* **Instructions for the task**
Repeat the lines below exactly as written, please, from the line with "PathDataFan's tweet photo." to the line with "#Tableau #WeAreDataPeople #DataFam", both lines included, and no others.

* **Material to process**
##########
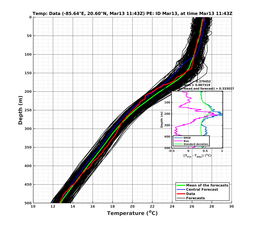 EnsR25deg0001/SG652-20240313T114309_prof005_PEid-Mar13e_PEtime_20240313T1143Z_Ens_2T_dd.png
##########
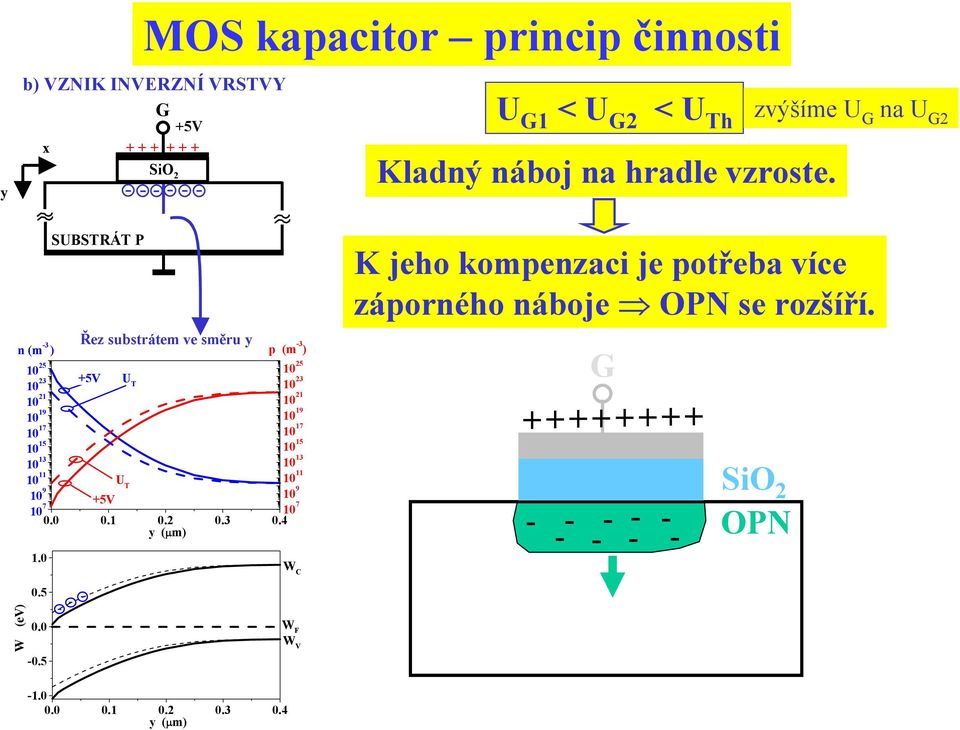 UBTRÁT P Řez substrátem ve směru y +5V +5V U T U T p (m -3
##########
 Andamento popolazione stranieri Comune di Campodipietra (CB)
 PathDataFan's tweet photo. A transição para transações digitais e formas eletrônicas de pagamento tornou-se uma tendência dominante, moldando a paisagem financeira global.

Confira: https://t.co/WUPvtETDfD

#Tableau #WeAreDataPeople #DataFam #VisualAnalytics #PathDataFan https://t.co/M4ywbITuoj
##########
* **Result of this exercise**
 PathDataFan's tweet photo. A transição para transações digitais e formas eletrônicas de pagamento tornou-se uma tendência dominante, moldando a paisagem financeira global.

Confira: https://t.co/WUPvtETDfD

#Tableau #WeAreDataPeople #DataFam #VisualAnalytics #PathDataFan https://t.co/M4ywbITuoj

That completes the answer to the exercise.